→ **WHAT THE TASK ASKS**: Write out all the data again, exactly as shown.

→ **SUPPLIED MATERIAL**:
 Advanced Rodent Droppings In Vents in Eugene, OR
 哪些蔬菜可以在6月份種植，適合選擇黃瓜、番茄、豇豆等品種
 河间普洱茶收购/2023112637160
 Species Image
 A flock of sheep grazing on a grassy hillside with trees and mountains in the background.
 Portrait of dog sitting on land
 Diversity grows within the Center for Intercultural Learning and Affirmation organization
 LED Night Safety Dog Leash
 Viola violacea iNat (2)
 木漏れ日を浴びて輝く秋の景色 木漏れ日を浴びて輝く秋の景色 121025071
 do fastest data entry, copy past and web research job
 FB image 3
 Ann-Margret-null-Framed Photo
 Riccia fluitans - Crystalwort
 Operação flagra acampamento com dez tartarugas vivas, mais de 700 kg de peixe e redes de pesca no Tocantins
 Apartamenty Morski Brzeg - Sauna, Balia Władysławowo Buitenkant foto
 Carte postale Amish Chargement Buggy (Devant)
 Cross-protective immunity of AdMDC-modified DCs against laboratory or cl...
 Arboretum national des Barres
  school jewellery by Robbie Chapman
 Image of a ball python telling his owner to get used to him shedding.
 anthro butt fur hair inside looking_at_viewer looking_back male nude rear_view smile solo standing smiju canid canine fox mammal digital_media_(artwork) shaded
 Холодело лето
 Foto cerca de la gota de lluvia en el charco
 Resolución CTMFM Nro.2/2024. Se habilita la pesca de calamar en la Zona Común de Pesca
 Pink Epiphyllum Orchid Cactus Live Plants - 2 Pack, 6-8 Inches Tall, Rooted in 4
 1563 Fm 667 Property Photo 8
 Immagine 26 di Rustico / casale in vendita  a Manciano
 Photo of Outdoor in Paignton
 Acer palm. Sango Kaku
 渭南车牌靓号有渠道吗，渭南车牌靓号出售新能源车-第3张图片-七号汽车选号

→ **SOLUTION TO THE EXERCISE**:
 Advanced Rodent Droppings In Vents in Eugene, OR
 哪些蔬菜可以在6月份種植，適合選擇黃瓜、番茄、豇豆等品種
 河间普洱茶收购/2023112637160
 Species Image
 A flock of sheep grazing on a grassy hillside with trees and mountains in the background.
 Portrait of dog sitting on land
 Diversity grows within the Center for Intercultural Learning and Affirmation organization
 LED Night Safety Dog Leash
 Viola violacea iNat (2)
 木漏れ日を浴びて輝く秋の景色 木漏れ日を浴びて輝く秋の景色 121025071
 do fastest data entry, copy past and web research job
 FB image 3
 Ann-Margret-null-Framed Photo
 Riccia fluitans - Crystalwort
 Operação flagra acampamento com dez tartarugas vivas, mais de 700 kg de peixe e redes de pesca no Tocantins
 Apartamenty Morski Brzeg - Sauna, Balia Władysławowo Buitenkant foto
 Carte postale Amish Chargement Buggy (Devant)
 Cross-protective immunity of AdMDC-modified DCs against laboratory or cl...
 Arboretum national des Barres
  school jewellery by Robbie Chapman
 Image of a ball python telling his owner to get used to him shedding.
 anthro butt fur hair inside looking_at_viewer looking_back male nude rear_view smile solo standing smiju canid canine fox mammal digital_media_(artwork) shaded
 Холодело лето
 Foto cerca de la gota de lluvia en el charco
 Resolución CTMFM Nro.2/2024. Se habilita la pesca de calamar en la Zona Común de Pesca
 Pink Epiphyllum Orchid Cactus Live Plants - 2 Pack, 6-8 Inches Tall, Rooted in 4
 1563 Fm 667 Property Photo 8
 Immagine 26 di Rustico / casale in vendita  a Manciano
 Photo of Outdoor in Paignton
 Acer palm. Sango Kaku
 渭南车牌靓号有渠道吗，渭南车牌靓号出售新能源车-第3张图片-七号汽车选号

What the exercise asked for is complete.